3. There WILL be crestal bone loss over time - up to 0.2mm/year
4. There will be loss of proprioception
5. With loss of crestal bone come loss of gingival height and esthetic issues.

As I mentioned, implants are a great way to replace MISSING teeth. But they are not alternative treatment for restorable teeth.


This patient was seen over 3 years ago. Tooth #8 was diagnosed as necrotic w/ acute apical abscess. She had swelling and pain at the time. Antibiotics were prescribed and RCT recommended.

Patient has returned again today with swelling and pain. She reports that she did not have RCT done because the swelling and pain went away. There is no mobility, despite the increased size of the lesion. The RCT has been recommended again. Unfortunately, due to previous experience with root canals, she is convinced that they are less successful than an implant.

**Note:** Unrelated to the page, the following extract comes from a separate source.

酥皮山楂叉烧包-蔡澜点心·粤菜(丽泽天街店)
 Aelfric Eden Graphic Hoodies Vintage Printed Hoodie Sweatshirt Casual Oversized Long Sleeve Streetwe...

Proper understanding of the role of the periodontal ligament with this tooth should help her decide the only acceptable way to treat this tooth is with endodontic treatment.

3 comments:

Jon said...

I care about the periodontal ligament! Amen. I get bothered when implants are recommended over restoring a salvageable tooth.

Thomas P Cosgrove DMD said...

This article is very well written and very informative! Keeping restorable teeth is a priority.

Brett Williams said...

I came across periodontal ligament after my dentist in la recommended that my molar be extracted instead of just a mere pasta.